- [Data]:
= = = =

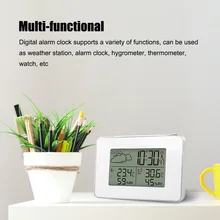 

Digital Alarm Clock Weather Station Wireless Sensor Desktop Hygrometer Thermometer with LCD Time Display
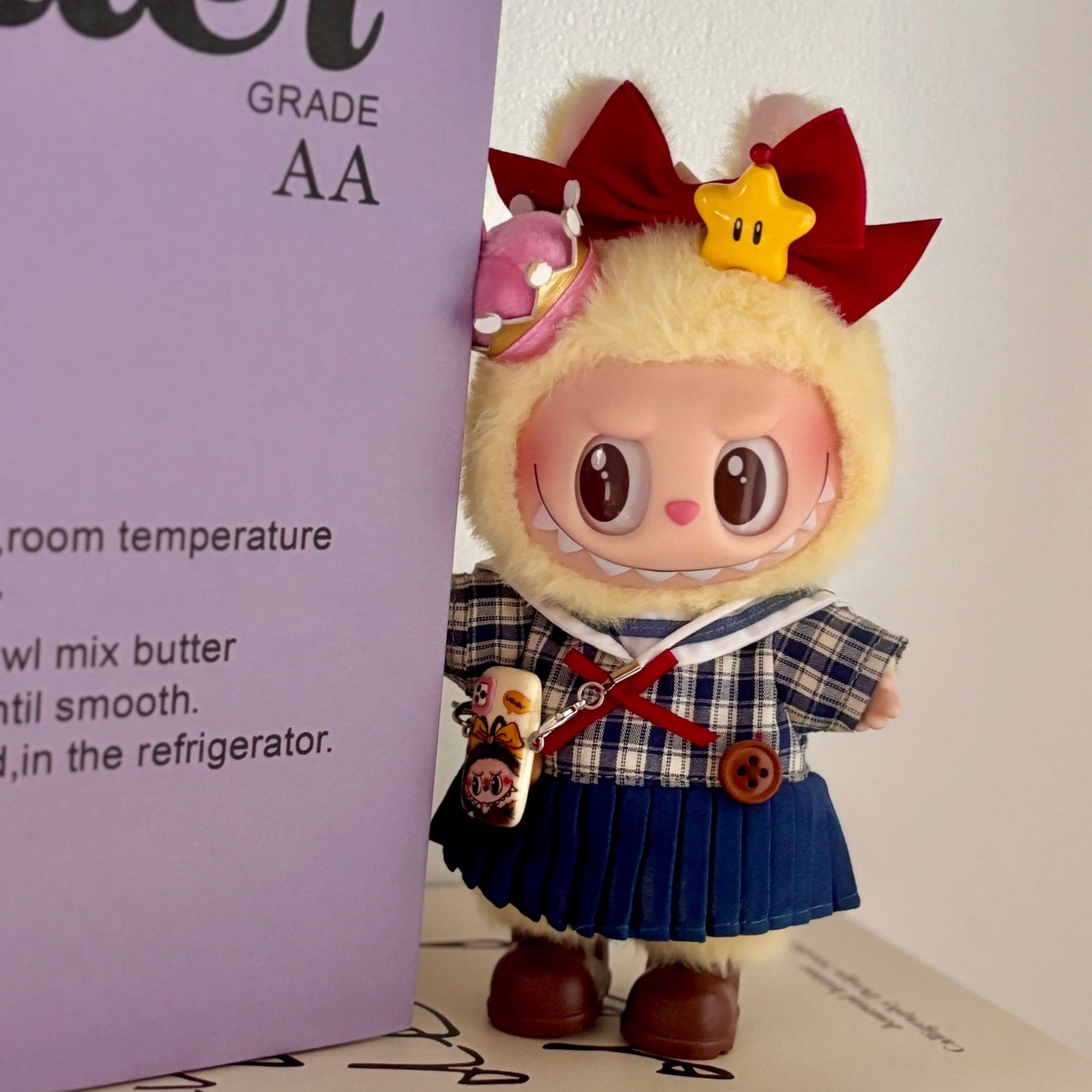 Handmade Labubu School Uniform Costume - Japanese Sailor Plaid Outfit with Accessories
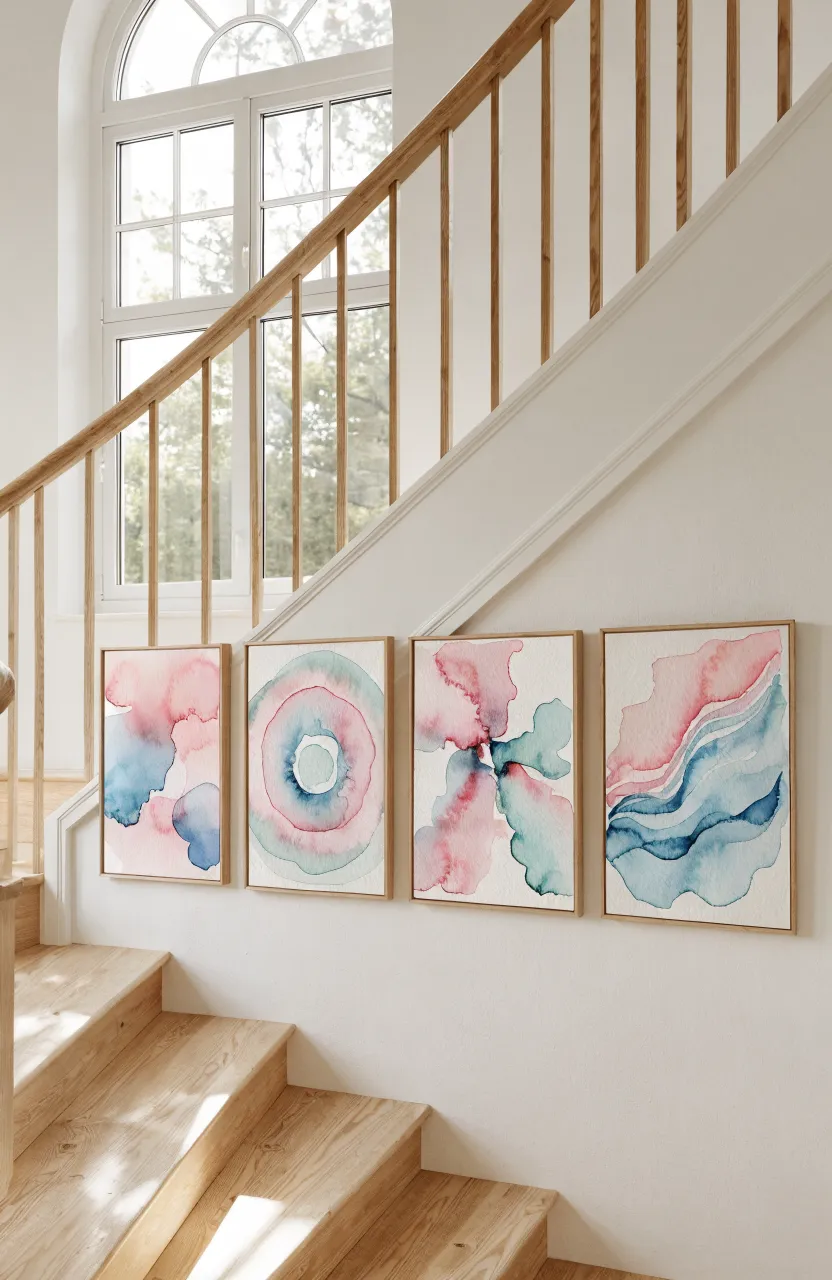 Four abstract watercolor paintings in light oak frames arranged diagonally above a pale wood staircase.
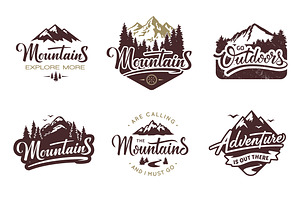 6 Mountain Vintage Badges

= = = =

Hand back the data above exactly, leaving out all pictures.

Digital Alarm Clock Weather Station Wireless Sensor Desktop Hygrometer Thermometer with LCD Time Display
 Handmade Labubu School Uniform Costume - Japanese Sailor Plaid Outfit with Accessories
 Four abstract watercolor paintings in light oak frames arranged diagonally above a pale wood staircase.
 6 Mountain Vintage Badges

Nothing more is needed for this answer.